Geen letter belandde in Milaan op papier. Dat valt tegen, want dat was echt wel de bedoeling. Mijn moeder belde mij een paar weken geleden en vermeldde terloops dat ze naar Milaan ging voor de opening van een – trouwens gewéldige – Magritte-expositie in het Palazzo Reale. Mijn vader ging niet mee, die moest bij mijn zieke oma blijven. Feilloos ging mijn romanradar knipperen. High class art stuff! Jean-Pierre Puts loves that shit. Ik mocht mee; het vliegticket had een knaloranje kleur en kostte mij bijgevolg nog geen 150 euro.

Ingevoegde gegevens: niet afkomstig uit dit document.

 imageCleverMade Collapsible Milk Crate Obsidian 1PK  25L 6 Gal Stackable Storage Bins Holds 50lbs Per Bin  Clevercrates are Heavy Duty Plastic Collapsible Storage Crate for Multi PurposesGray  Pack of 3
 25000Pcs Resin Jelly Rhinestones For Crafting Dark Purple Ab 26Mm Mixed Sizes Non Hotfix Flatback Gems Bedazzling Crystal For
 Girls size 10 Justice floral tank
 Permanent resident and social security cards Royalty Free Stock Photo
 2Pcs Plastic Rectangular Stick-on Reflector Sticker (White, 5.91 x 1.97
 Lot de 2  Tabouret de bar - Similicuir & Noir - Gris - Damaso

Ah, het plan was puik. Net als Hesse zou ik mijn Milanese indrukken tot in de details noteren; ik zou mij in JP verplaatsen en Milaan door zijn ogen observeren. Een opschrijfboekje was ik dan wel vergeten – die nieuwbakken romanciers toch – maar dat schafte ik na aankomst meteen braafjes aan. Maar ja, toen ik op de massagetafel van het Bulgarihotel lag – courtesy of my sweet mother – vergat ik dat ik goed moest letten op wat mijn zintuigen registreerden. En zo waren er wel meer momenten dat ik de rol aannam van verwende dochter, en niet van hardwerkende schrijfster-in-spe.

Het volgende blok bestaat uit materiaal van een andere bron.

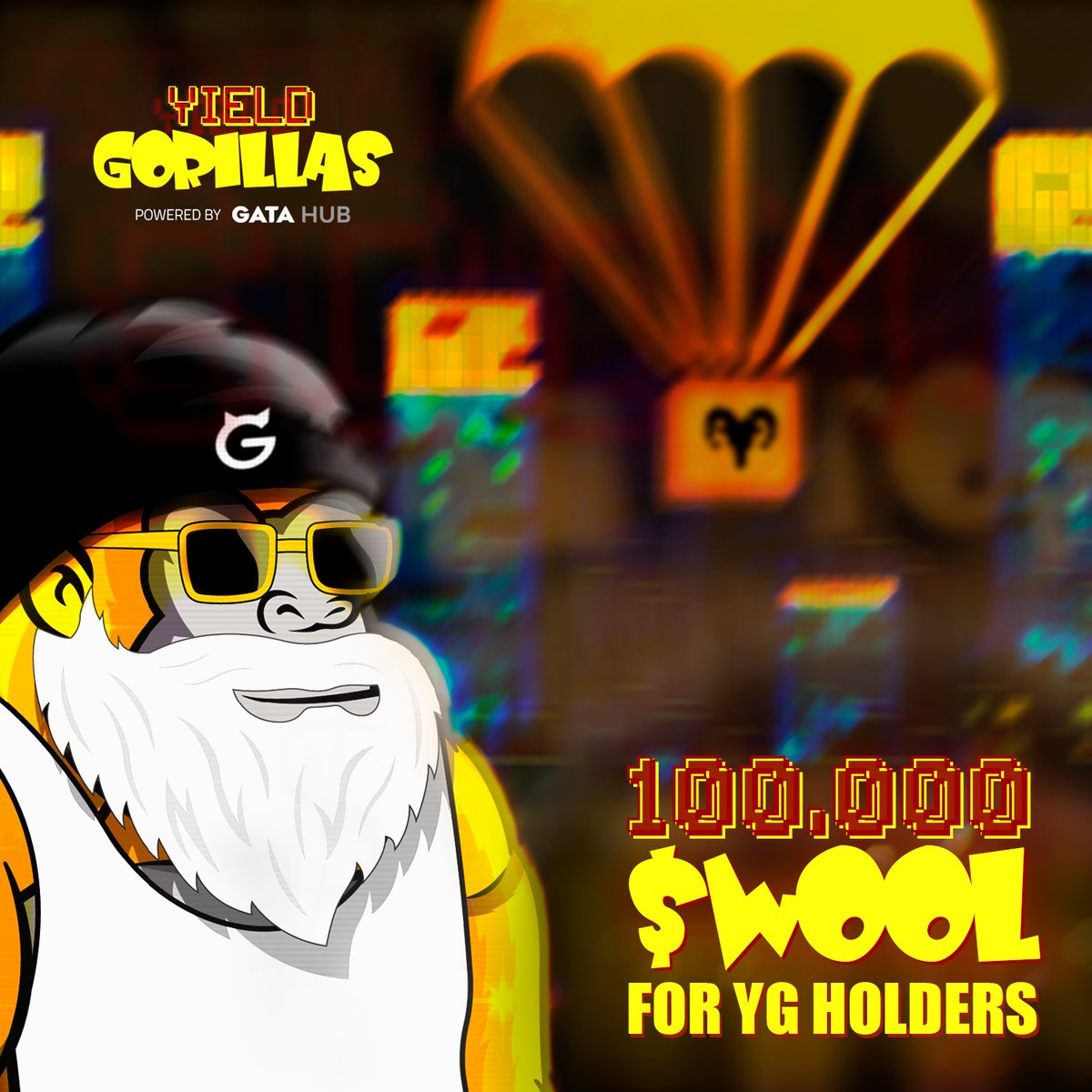 Airdrop for #YieldGorillas: 100,000 $WOOL to YG holders on @TeritoriNetwork 🪙🦧 Date to be unveiled by @ram_exchange, details on $WOOL token + more: twitter.com/ram_exchange/s… 🔖 Get YGs for monthly epoch rewards, #YieldRaffle, buy & burn + more: app.teritori.com/collection/tor… ❤️‍🔥🦧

Dus, lukt het met die roman, meisje klein? Mja, de eerste van vele stappen zijn gezet.

Ach, de Dom van Milaan was ook niet in één dag gebouwd.
Meer, méér...

maandag 17 november 2008

In de ban van de flow

0 stok(ken) achter de deur

Verdorie, het is 18:08 en ik moest nog naar de apotheek. En ik wilde nog gaan sporten! En mijn oma bellen. Maar buiten is het donker – zo donker en doods dat ik overspoeld word door het gevoel dat ik de enige op deze bol ben die leeft. En die trouwens vreselijk naar de wc moet.

Hoe kan dit? Aha, ik weet precies hoe dit kan. Ik was in de flowwwww. Dixit Sebes: ‘Door veel achter elkaar te schrijven kom je in een roes (wat atleten de zone noemen en muzikanten de groove of de flow) en creëer je in je hoofd de rest van je verhaal.’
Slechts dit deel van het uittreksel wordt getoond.